## Task requirements
No line before the one containing "18CT WHITE GOLD" is to be output; retype exactly that line and all lines that follow it to the end of the records.

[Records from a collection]
------

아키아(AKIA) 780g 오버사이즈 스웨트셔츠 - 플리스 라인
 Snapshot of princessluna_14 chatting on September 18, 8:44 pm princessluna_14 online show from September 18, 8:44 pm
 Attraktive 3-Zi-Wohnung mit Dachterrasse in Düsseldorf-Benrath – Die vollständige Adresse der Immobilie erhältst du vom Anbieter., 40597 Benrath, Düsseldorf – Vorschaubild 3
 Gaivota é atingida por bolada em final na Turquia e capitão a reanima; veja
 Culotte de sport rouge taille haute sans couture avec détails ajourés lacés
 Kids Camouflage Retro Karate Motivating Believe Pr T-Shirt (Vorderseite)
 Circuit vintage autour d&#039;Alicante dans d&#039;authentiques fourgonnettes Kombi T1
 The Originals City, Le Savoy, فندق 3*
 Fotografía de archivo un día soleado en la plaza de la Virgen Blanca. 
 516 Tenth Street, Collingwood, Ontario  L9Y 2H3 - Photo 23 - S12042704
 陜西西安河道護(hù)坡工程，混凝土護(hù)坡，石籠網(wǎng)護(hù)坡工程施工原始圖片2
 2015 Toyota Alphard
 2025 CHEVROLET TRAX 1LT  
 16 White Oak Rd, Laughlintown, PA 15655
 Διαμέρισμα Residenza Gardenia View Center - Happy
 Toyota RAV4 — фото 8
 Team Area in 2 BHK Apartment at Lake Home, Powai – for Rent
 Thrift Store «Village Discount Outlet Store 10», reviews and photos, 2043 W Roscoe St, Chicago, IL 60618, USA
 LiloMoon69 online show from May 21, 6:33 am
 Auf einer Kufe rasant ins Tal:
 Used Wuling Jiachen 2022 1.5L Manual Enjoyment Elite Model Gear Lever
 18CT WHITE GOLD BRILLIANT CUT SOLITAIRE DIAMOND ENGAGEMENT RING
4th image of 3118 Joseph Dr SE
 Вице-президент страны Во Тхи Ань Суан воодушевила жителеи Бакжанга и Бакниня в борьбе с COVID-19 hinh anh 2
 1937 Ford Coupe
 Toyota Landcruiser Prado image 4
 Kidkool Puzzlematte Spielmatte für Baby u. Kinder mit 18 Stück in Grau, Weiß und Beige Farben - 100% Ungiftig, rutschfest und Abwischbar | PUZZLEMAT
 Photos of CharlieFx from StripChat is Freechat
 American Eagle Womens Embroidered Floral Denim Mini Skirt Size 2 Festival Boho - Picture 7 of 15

------

## Exercise answer
 18CT WHITE GOLD BRILLIANT CUT SOLITAIRE DIAMOND ENGAGEMENT RING
4th image of 3118 Joseph Dr SE
 Вице-президент страны Во Тхи Ань Суан воодушевила жителеи Бакжанга и Бакниня в борьбе с COVID-19 hinh anh 2
 1937 Ford Coupe
 Toyota Landcruiser Prado image 4
 Kidkool Puzzlematte Spielmatte für Baby u. Kinder mit 18 Stück in Grau, Weiß und Beige Farben - 100% Ungiftig, rutschfest und Abwischbar | PUZZLEMAT
 Photos of CharlieFx from StripChat is Freechat
 American Eagle Womens Embroidered Floral Denim Mini Skirt Size 2 Festival Boho - Picture 7 of 15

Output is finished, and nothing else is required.